[Dataset excerpt]

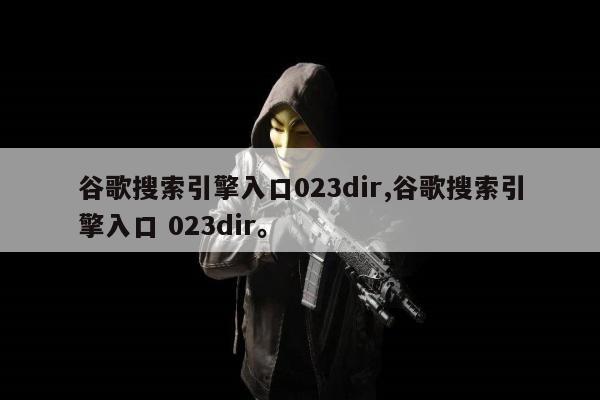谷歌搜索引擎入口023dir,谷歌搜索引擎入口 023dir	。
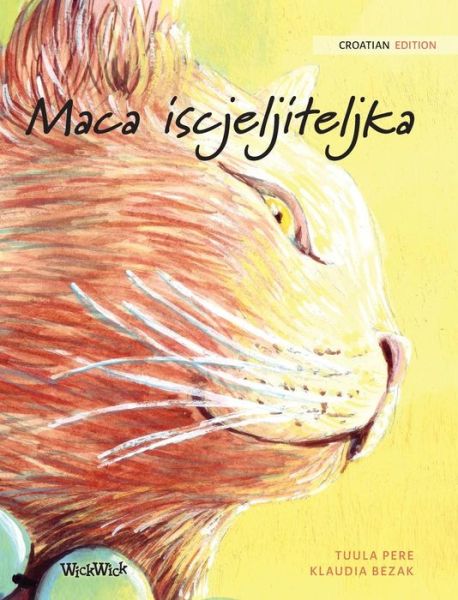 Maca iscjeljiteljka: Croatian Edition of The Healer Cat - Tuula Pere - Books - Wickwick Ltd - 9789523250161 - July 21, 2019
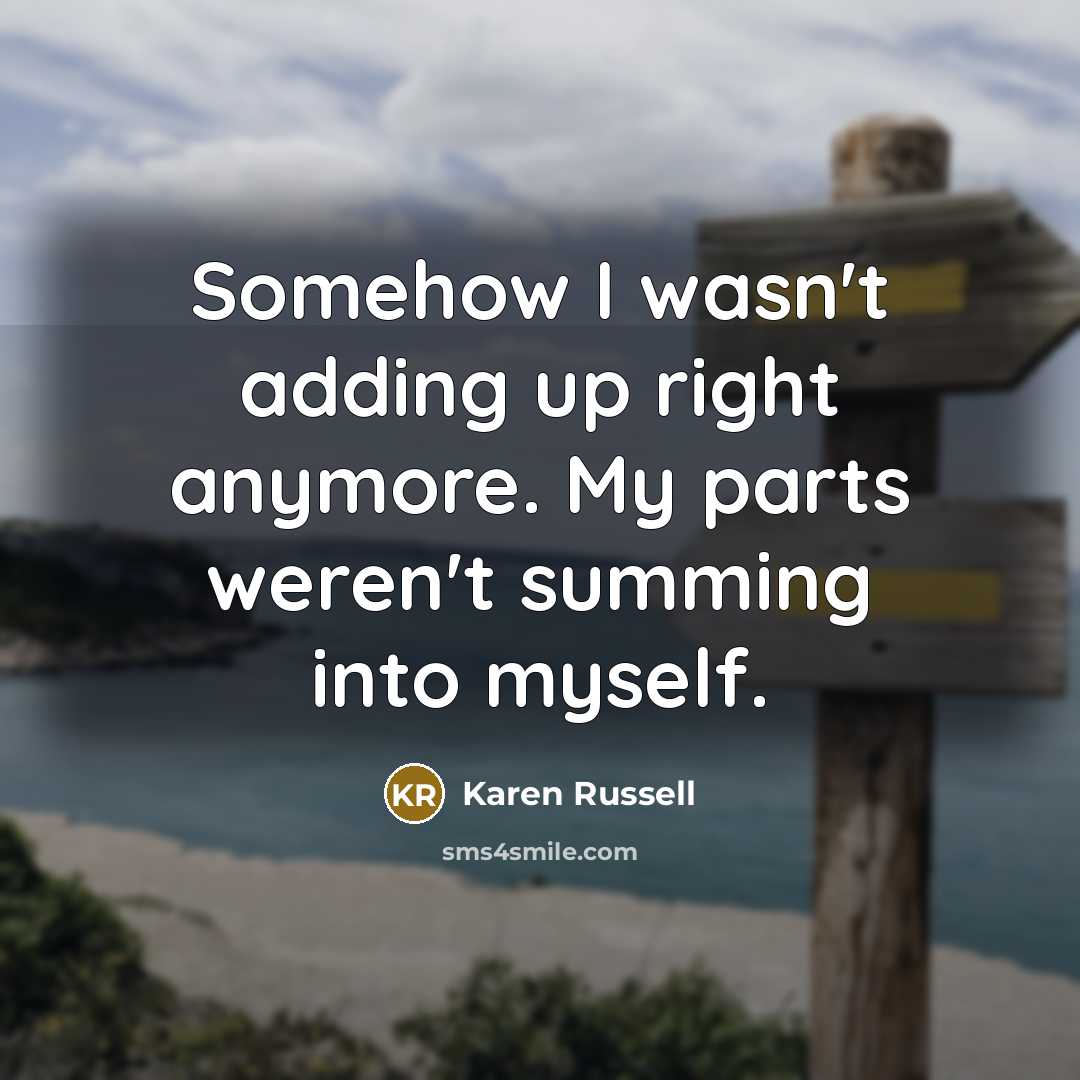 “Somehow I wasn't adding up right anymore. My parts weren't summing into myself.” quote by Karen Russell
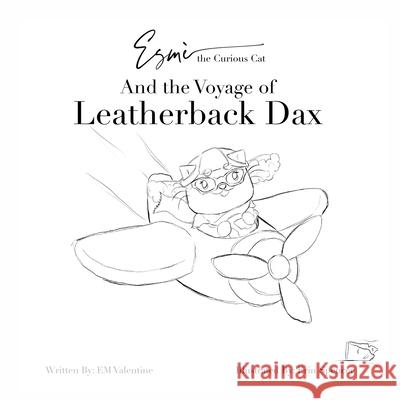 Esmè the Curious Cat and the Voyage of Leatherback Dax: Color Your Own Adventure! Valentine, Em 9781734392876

[/Dataset excerpt]

Work required — The data above should be repeated exactly, minus any pictures.

Output below —
谷歌搜索引擎入口023dir,谷歌搜索引擎入口 023dir	。
 Maca iscjeljiteljka: Croatian Edition of The Healer Cat - Tuula Pere - Books - Wickwick Ltd - 9789523250161 - July 21, 2019
 “Somehow I wasn't adding up right anymore. My parts weren't summing into myself.” quote by Karen Russell
 Esmè the Curious Cat and the Voyage of Leatherback Dax: Color Your Own Adventure! Valentine, Em 9781734392876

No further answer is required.